The massive amount of sand seen around the Great Lakes has come mainly from the granite that makes up the Canadian shield–the bedrock underlying much of North America. Any mountainous area will ultimately be reduced to nothing more than sand. One lesson that comes from mountains and sand is that nothing in this physical world is permanent. Jesus stated this eloquently when He said, “Do not store up for yourselves treasures on earth where moth and rust destroy, and where thieves break through and steal. But store up for yourselves treasures in heaven, where moth and rust do not destroy, and where thieves do not break in and steal. For where your treasure is, there your heart will be also” (Matthew 6:19, 20).

When I studied geology at Notre Dame University, we had a professor who would take us on a field trip to the cemetery. Headstones erected in the early 1800s already had disintegrated into piles of sand. One has to be reminded of James 4: 14, “What is your life? You are a mist that appears for a little while and then vanishes.”
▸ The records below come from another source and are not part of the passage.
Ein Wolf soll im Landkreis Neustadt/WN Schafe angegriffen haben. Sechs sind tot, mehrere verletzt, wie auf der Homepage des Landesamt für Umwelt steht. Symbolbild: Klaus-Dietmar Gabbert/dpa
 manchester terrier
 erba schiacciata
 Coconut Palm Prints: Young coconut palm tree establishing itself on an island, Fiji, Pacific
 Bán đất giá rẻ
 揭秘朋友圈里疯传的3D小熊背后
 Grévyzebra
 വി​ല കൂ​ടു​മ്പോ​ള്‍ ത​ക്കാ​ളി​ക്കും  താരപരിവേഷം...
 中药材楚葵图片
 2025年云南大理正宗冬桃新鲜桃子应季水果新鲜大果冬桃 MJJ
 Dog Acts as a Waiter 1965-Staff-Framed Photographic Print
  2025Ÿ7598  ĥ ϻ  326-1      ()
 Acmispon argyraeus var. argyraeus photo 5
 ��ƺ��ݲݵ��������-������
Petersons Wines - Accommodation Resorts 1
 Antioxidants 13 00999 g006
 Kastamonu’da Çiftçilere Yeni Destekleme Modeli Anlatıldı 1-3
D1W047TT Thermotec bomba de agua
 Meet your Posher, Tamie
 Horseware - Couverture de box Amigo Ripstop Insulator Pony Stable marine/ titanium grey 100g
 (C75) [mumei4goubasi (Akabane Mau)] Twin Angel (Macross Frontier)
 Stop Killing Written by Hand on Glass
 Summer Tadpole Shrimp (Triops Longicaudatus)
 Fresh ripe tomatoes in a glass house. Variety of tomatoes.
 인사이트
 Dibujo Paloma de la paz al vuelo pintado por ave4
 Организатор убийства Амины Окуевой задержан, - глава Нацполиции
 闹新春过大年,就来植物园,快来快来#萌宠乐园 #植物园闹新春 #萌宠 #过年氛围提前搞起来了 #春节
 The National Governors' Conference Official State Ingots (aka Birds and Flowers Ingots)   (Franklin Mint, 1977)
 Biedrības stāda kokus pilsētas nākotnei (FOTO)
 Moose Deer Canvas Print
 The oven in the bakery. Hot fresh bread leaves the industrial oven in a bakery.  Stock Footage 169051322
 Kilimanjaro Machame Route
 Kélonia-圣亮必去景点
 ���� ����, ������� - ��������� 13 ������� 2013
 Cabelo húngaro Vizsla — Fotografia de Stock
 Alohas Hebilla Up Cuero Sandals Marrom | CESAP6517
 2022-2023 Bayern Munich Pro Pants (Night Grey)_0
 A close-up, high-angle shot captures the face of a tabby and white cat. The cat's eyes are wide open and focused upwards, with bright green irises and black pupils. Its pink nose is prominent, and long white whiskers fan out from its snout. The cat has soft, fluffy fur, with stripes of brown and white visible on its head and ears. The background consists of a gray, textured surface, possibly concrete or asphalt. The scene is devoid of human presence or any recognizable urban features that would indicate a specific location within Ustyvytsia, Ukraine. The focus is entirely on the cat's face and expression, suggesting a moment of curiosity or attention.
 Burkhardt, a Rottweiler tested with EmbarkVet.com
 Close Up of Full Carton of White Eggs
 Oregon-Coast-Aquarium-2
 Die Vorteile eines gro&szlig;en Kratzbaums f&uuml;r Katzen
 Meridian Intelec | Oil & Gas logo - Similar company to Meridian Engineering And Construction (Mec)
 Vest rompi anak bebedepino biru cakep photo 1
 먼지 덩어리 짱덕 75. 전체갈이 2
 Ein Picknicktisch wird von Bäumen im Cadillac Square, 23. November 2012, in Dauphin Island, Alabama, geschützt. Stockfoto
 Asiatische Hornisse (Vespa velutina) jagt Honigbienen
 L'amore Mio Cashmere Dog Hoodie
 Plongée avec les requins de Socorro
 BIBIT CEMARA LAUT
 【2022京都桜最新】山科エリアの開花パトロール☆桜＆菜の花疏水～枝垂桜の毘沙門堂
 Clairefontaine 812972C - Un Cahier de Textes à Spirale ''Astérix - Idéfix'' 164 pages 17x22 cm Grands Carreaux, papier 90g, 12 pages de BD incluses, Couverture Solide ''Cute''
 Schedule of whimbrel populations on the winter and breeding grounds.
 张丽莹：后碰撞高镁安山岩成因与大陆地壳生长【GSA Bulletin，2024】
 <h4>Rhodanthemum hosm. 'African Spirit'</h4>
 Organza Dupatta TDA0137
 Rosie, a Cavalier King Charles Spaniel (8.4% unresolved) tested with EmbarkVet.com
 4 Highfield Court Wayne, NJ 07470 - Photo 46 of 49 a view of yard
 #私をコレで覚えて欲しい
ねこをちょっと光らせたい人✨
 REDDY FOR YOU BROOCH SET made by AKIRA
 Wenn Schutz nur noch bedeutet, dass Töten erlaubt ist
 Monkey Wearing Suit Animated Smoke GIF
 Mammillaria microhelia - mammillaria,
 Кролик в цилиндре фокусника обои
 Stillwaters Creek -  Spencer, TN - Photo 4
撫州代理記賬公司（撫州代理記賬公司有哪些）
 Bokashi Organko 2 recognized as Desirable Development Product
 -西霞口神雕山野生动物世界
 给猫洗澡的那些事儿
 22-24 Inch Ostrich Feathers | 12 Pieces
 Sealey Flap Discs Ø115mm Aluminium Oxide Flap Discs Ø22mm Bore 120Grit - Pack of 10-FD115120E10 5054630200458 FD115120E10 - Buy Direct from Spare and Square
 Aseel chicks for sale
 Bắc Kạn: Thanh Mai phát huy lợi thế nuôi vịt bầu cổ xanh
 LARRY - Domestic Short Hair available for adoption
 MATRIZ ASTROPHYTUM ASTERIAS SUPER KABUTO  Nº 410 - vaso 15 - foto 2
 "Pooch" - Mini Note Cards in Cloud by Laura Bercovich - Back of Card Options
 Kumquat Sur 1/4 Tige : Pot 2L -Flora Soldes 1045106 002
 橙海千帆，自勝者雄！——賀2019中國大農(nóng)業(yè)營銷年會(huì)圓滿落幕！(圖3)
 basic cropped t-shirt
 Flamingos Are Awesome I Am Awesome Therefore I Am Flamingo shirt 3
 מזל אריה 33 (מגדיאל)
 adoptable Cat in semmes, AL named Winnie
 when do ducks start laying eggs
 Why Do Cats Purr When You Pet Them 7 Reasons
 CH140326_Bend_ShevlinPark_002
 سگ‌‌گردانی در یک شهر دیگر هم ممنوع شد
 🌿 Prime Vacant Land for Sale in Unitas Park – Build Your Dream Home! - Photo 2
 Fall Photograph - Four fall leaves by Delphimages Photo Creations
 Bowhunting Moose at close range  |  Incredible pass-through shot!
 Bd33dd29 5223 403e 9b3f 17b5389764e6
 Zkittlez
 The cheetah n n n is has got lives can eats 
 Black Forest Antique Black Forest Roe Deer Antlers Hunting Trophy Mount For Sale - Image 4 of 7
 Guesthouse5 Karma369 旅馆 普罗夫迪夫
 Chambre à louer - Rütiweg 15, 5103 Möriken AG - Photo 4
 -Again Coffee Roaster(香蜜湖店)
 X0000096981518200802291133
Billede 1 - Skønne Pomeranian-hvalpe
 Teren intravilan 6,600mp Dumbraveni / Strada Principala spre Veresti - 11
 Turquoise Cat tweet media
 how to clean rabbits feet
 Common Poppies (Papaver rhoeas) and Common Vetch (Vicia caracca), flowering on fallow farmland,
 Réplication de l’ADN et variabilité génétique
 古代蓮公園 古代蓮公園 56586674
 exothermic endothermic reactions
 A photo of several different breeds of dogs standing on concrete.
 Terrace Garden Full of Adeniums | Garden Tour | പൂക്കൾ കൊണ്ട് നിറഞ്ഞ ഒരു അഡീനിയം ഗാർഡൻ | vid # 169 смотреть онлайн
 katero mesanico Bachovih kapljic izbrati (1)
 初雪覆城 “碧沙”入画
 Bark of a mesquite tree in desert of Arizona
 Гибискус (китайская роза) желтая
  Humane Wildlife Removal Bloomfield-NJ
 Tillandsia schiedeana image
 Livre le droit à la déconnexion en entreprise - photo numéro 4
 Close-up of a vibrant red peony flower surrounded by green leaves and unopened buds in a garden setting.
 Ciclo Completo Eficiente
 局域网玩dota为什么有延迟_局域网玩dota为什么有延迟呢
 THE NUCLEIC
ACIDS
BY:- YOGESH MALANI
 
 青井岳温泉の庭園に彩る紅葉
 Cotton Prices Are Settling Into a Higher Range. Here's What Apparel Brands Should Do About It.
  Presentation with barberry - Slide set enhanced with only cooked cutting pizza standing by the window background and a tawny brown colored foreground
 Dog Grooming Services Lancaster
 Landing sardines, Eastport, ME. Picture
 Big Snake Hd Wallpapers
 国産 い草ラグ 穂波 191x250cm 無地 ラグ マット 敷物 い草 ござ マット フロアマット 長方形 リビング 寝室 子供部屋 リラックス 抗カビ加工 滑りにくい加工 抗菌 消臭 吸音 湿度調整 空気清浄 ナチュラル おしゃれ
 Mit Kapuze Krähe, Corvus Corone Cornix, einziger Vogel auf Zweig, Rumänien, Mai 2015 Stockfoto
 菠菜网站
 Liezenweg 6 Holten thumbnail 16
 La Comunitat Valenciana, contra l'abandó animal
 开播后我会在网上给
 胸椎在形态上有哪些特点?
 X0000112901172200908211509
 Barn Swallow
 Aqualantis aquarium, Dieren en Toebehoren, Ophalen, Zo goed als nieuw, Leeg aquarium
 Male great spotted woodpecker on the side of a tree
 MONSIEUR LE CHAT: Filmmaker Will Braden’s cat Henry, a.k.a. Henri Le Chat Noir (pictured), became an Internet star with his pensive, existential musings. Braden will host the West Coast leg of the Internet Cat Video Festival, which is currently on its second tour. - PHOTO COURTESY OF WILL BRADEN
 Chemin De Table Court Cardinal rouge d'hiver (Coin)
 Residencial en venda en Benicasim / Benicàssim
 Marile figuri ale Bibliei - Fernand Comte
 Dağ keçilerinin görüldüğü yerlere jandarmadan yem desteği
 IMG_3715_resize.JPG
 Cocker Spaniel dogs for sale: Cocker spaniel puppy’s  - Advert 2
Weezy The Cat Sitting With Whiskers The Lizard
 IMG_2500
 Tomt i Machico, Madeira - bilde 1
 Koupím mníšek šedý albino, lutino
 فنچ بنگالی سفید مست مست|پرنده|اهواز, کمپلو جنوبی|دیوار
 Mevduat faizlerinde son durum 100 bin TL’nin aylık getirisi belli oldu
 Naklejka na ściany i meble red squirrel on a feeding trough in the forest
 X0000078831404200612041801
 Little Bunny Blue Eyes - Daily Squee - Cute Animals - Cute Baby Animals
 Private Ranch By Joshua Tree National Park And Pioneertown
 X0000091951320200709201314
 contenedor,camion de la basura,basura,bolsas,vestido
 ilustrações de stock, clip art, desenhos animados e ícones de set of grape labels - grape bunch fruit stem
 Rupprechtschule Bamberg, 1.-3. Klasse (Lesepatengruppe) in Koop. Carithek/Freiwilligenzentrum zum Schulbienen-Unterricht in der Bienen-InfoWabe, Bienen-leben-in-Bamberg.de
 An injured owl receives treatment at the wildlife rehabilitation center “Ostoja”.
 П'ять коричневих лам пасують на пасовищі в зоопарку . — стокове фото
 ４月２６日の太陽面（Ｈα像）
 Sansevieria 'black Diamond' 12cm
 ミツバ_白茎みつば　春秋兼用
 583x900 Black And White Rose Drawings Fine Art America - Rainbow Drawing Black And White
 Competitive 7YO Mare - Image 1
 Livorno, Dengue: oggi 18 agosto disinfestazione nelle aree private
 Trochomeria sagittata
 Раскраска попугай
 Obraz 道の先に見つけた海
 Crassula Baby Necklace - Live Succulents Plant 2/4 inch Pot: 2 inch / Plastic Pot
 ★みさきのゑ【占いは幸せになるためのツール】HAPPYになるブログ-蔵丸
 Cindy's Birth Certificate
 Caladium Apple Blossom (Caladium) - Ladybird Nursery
Through all of this, however, there is the message of purpose and design by God. The mixture of sand, hornblende, and clay lead to soil. Life could not exist on a planet made of rock that could not be eroded. The waters that erode the granite sustain life, and the erosion process produces the topsoil that feeds us. The change of mountains into sand makes Earth a vibrant, living thing of beauty. So too, our lives can be beautiful if we allow God to mold and shape us. That is one of the key messages of 1 Corinthians 15:51-55. As the writer tells us about the most beautiful change of all:

“Listen, I tell you a mystery. We will not all sleep, but we will all be changed—in a flash, in the twinkling of an eye, at the last trumpet. For the trumpet will sound, the dead will all be raised imperishable, and we will be changed. For the perishable must be clothed with the imperishable, and the mortal with immortality. When the perishable has been clothed with the imperishable, and the mortal with immortality, then the saying that is written will come true: “Death has been swallowed up in victory.”